At 01:35 PM 5/18/2006 -0700, Grant Baillie wrote:
In the the annotation scheme of doing things, is there a way for different kinds to customize behaviour when getting stamped? For example, a certificate might want to encapsulate itself as an attachment when stamped as mail, whereas events turn themselves into invitations.
Sure, you can delegate some behavior back to the underlying item, via the annotation's ``itsItem`` attribute. That is, a method on the Stamp can call back to a method on the original item using ``self.itsItem.whatever()``.
BTW, the other thing in Katie's email that brought the whole interface/adapter model to mind, and maybe a more compelling place than stamping, was having items adapt themselves when being displayed in different contexts in the UI.
I would translate that as the UI asking for annotations that are specific to the display context, but certainly adaptation is a possibility there as well.
The point of using Annotations isn't to substitute for adaptation, it's to annotate items with additional data.
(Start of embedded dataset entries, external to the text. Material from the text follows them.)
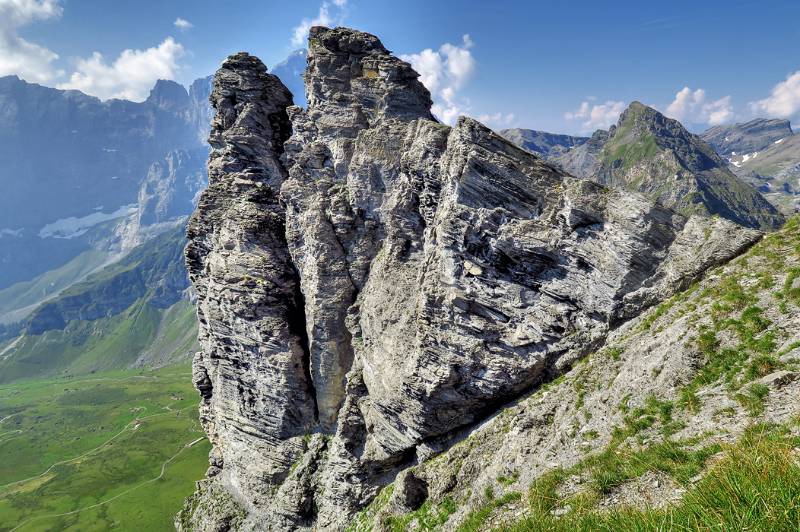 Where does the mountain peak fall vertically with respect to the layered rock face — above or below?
above

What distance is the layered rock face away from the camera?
1125 inches

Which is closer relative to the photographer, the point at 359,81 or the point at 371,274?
the point at 371,274

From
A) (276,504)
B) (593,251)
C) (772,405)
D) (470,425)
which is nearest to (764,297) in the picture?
(772,405)

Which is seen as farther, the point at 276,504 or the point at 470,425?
the point at 276,504

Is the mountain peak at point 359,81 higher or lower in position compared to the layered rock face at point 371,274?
higher

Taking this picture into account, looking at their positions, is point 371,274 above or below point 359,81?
below

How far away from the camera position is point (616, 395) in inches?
849

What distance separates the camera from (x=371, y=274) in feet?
139

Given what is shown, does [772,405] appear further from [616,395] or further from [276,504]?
[276,504]

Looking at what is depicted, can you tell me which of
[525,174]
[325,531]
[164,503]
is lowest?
[164,503]

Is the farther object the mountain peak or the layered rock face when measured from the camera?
the mountain peak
Stamping itself meshes well with that concept. Adaptation is an somewhat-independent concept that might also be useful for various things.
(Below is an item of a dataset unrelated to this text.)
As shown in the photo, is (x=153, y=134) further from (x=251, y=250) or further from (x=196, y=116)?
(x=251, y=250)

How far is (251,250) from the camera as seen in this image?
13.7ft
Adaptation by itself, however, is *not* a solution to the stamping problem, because it doesn't address how additional attributes get stored, indexed, displayed, etc. Annotation solves that problem nicely, and also can do many of the things that can be done with annotation. The rest of the things that adaptation does can likely be handled by adding some extra features to the Stamp base class, for example to return all the stamps that implement some interface.
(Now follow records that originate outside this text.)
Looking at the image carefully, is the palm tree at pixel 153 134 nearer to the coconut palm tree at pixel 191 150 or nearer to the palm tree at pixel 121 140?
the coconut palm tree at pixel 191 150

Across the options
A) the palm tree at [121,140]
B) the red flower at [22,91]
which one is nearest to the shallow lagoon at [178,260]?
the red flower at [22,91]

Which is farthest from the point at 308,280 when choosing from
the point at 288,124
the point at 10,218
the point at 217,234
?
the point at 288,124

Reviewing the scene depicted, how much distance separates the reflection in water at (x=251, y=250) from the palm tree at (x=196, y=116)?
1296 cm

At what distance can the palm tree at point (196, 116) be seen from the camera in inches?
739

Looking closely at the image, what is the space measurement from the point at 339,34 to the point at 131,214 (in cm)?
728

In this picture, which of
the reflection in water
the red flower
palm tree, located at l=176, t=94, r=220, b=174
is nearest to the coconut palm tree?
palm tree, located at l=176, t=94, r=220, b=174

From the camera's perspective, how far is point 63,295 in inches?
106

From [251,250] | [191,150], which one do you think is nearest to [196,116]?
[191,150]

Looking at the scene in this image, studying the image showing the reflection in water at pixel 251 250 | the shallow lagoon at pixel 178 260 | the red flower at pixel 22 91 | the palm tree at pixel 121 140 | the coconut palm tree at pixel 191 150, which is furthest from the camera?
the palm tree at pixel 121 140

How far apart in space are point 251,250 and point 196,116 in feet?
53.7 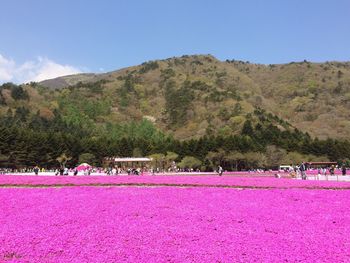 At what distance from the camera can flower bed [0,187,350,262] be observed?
10.8 meters

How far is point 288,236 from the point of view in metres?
13.1

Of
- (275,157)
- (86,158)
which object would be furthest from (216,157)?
(86,158)

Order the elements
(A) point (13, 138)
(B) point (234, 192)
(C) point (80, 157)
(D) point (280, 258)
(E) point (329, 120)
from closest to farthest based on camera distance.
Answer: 1. (D) point (280, 258)
2. (B) point (234, 192)
3. (A) point (13, 138)
4. (C) point (80, 157)
5. (E) point (329, 120)

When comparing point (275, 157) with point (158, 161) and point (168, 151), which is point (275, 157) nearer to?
point (168, 151)

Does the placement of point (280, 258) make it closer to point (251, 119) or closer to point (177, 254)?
point (177, 254)

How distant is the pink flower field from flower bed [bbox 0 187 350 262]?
3 cm

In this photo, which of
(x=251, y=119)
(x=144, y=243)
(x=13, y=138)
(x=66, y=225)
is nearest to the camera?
(x=144, y=243)

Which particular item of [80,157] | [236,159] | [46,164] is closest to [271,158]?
[236,159]

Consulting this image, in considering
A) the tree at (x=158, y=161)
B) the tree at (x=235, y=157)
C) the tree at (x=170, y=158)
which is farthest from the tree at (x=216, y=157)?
the tree at (x=158, y=161)

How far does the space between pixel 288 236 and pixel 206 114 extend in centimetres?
17651

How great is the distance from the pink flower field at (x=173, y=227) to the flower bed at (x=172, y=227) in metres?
0.03

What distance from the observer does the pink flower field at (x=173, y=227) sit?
10773mm

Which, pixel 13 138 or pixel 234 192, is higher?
pixel 13 138

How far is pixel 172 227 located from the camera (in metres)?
14.5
I feel I should mention, by the way, in case there's any appearance of conflicted interest, I actually am a co-author of zope.interface (i.e. I wrote the zope.interface.advice module) and much of the current implementation of zope.interface is based on design ideas either borrowed from PyProtocols or based on an API and terminology design that I significantly contributed to. So, either way you're going to be using my code and/or design here. ;-) I just mention this so nobody gets the impression I'm arguing for the Annotation approach because I wrote it. The real reason I'm arguing for it is that I wrote it specifically for Chandler, the repository, and stamping.
Adaptation can do some cool things too, but I'd be wary of introducing interfaces and adaptation into the pool of things that developers have to understand in order to play in the platform. I'd want to see whether less-general mechanisms that are more specific to our platform could work first, so that instead of having to learn interfaces and adaptation to do stamping, you just "learn to do stamping".